= REPLAY (software) =

REPLAY is a management system for audiovisual content developed at ETH Zurich.

==Background==
REPLAY was developed as the future Multimedia Portal of ETH Zurich within the scope of the ICT strategy 2006–2009 and got branded „REPLAY“ in 2007. It is to manage the audiovisual content of ETH Zurich from production to distribution in an automated manner.

==Application area==
The main focus of REPLAY is the quasi-automated handling of large number of lecture recordings (>150 per week) and to provide an integrated management solution for other video objects (films, digitization results etc.). Thus, it covers all the audiovisual material usually to be found in academic and other institutions (museums, companies etc.).

==Workflow==
REPLAY covers the complete lifecycle of the audiovisual objects: In the classroom / lecture hall, the Linux-based Playmobil as an additional hardware component automatically captures audio, video, and VGA (for slides/presentations/computer display/other devices).

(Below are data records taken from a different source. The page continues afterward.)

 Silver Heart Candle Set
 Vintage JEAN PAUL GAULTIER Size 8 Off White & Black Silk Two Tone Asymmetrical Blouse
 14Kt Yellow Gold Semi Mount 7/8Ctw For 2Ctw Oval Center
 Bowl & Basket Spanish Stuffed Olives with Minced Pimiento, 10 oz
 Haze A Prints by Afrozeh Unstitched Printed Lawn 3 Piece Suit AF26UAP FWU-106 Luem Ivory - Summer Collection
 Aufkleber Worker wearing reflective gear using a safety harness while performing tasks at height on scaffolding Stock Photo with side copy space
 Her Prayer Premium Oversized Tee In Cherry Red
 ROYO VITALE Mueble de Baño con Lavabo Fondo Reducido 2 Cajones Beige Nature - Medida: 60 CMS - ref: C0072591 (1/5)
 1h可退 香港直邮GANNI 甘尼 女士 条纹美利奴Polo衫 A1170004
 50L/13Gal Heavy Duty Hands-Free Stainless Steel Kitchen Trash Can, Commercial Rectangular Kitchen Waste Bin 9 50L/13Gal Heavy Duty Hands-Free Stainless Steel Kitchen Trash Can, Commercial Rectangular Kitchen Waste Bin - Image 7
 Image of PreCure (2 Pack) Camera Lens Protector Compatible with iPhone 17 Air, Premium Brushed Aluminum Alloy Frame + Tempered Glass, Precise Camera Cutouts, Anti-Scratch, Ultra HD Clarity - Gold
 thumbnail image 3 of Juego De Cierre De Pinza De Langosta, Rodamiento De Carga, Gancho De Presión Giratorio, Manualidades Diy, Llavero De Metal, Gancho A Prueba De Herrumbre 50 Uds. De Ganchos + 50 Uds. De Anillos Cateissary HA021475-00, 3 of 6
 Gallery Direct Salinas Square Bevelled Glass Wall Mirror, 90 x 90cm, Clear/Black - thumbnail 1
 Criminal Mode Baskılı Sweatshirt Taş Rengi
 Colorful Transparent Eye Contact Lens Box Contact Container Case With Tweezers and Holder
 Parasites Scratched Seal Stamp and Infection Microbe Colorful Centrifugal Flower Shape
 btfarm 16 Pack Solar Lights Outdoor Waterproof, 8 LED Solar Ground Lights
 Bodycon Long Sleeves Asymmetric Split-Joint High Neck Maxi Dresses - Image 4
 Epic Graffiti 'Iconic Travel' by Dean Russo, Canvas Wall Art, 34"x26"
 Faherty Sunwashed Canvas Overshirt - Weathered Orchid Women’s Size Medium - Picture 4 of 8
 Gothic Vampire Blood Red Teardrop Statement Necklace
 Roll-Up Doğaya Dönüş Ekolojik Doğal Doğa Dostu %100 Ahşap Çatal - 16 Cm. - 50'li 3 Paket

After the lecture, these sources are bundled with metadata and proceeded into the REPLAY backend. Other video material can be ingested through an inbox.

All bundles are then:
- archived,
- indexed (based on slide content, using Optical Character Recognition),
- encoded according to settings and
- distributed in various channels (RSS, streaming, download etc.)
One of the distribution channels is Interplay, a user interface designed for interactive consumption of video.

==Qualities==
REPLAY is written in Java, open source and oriented towards standards wherever possible. It is modular in design and envisaged to run on a singular machine as well as in a distributed environment.

==License==

REPLAY is open source under GNU LGPL license version 2.

== Development ==
Development website. Replay has been developed towards release 0.7 (March 2009); as of June 2009 the project has ended and support was suspended by the end of 2009. Efforts around REPLAY and its technology are being transferred to the Opencast Matterhorn project.